While Luigi can process data inline, it is normally used to orchestrate external programs that
perform the actual processing. In this example, we will demonstrate how top artists instead can be
read from HDFS and calculated with Spark, orchestrated by Luigi.

.. code:: python

    class AggregateArtistsSpark(luigi.contrib.spark.SparkSubmitTask):
        date_interval = luigi.DateIntervalParameter()

        app = 'top_artists_spark.py'
        master = 'local[*]'

        def output(self):
            return luigi.contrib.hdfs.HdfsTarget("data/artist_streams_%s.tsv" % self.date_interval)

        def requires(self):
            return [StreamsHdfs(date) for date in self.date_interval]

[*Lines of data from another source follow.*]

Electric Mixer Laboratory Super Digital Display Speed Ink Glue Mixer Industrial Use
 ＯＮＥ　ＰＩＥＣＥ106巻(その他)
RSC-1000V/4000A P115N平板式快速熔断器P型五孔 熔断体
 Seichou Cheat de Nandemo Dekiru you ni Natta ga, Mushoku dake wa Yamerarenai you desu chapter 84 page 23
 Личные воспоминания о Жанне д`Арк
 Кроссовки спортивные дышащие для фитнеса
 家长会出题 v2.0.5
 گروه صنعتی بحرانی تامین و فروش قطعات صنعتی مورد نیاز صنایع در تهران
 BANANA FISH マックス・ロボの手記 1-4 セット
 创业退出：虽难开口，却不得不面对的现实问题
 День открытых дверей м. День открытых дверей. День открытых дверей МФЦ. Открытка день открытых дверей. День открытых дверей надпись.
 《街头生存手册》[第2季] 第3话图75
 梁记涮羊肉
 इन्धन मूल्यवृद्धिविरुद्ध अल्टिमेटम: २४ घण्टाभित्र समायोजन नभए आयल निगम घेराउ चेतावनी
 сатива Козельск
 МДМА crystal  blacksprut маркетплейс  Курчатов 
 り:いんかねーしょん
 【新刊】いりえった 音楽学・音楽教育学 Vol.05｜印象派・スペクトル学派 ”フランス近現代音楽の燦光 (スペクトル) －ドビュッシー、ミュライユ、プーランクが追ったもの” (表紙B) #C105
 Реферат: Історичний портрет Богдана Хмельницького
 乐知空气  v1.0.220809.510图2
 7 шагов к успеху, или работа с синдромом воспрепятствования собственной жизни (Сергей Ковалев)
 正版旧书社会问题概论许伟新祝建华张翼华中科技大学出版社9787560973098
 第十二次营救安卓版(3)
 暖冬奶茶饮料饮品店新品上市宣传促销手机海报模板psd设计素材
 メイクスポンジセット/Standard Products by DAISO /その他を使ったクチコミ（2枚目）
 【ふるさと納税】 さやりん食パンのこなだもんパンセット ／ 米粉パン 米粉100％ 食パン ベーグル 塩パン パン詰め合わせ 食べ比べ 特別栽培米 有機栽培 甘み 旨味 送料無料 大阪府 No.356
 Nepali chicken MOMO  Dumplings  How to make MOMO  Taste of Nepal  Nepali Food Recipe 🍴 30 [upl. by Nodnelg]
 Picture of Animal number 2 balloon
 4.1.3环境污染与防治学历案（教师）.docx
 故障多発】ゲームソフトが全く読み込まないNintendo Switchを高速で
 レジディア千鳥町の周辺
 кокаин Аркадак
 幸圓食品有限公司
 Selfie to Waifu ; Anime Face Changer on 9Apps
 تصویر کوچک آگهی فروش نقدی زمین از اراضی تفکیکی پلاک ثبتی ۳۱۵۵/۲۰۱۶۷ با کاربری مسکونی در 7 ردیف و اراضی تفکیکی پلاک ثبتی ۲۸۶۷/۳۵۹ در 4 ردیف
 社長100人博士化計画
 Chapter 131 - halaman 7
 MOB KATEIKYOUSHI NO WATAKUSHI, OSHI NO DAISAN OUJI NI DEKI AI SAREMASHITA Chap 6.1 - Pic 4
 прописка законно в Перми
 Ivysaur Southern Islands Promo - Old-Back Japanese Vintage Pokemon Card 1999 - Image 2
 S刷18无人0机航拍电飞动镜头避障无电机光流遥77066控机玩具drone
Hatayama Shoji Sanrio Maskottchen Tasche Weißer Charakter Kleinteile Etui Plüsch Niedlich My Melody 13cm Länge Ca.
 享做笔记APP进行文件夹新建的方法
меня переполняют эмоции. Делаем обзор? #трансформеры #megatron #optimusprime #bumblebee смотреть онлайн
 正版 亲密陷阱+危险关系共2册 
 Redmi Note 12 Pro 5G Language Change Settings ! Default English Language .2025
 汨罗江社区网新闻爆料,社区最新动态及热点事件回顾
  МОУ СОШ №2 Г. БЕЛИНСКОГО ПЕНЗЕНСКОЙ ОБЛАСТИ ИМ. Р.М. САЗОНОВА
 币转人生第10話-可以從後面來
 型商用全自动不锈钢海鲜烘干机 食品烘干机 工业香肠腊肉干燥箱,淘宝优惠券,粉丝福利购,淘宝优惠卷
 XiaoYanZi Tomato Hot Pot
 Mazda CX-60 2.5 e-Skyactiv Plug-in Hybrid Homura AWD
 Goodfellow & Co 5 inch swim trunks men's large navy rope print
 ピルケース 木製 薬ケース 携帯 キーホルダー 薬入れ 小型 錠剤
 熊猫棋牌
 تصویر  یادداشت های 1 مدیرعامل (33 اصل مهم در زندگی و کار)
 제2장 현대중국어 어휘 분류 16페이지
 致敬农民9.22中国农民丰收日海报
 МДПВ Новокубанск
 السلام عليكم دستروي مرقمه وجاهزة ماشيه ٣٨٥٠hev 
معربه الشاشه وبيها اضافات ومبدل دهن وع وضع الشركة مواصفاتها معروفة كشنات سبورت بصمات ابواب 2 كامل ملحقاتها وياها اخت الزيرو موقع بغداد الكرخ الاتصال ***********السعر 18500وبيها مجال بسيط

        def app_options(self):
            # :func:`~luigi.task.Task.input` returns the targets produced by the tasks in
            # `~luigi.task.Task.requires`.
            return [','.join([p.path for p in self.input()]),
                    self.output().path]


:class:`luigi.contrib.hadoop.SparkSubmitTask` doesn't require you to implement a
:func:`~luigi.task.Task.run` method. Instead, you specify the command line parameters to send
to ``spark-submit``, as well as any other configuration specific to Spark.

Python code for the Spark job is found below.

.. code:: python

    import operator
    import sys
    from pyspark.sql import SparkSession


    def main(argv):
        input_paths = argv[1].split(',')
        output_path = argv[2]

        spark = SparkSession.builder.getOrCreate()

        streams = spark.read.option('sep', '\t').csv(input_paths[0])
        for stream_path in input_paths[1:]:
            streams.union(spark.read.option('sep', '\t').csv(stream_path))

        # The second field is the artist
        counts = streams \
            .map(lambda row: (row[1], 1)) \
            .reduceByKey(operator.add)

        counts.write.option('sep', '\t').csv(output_path)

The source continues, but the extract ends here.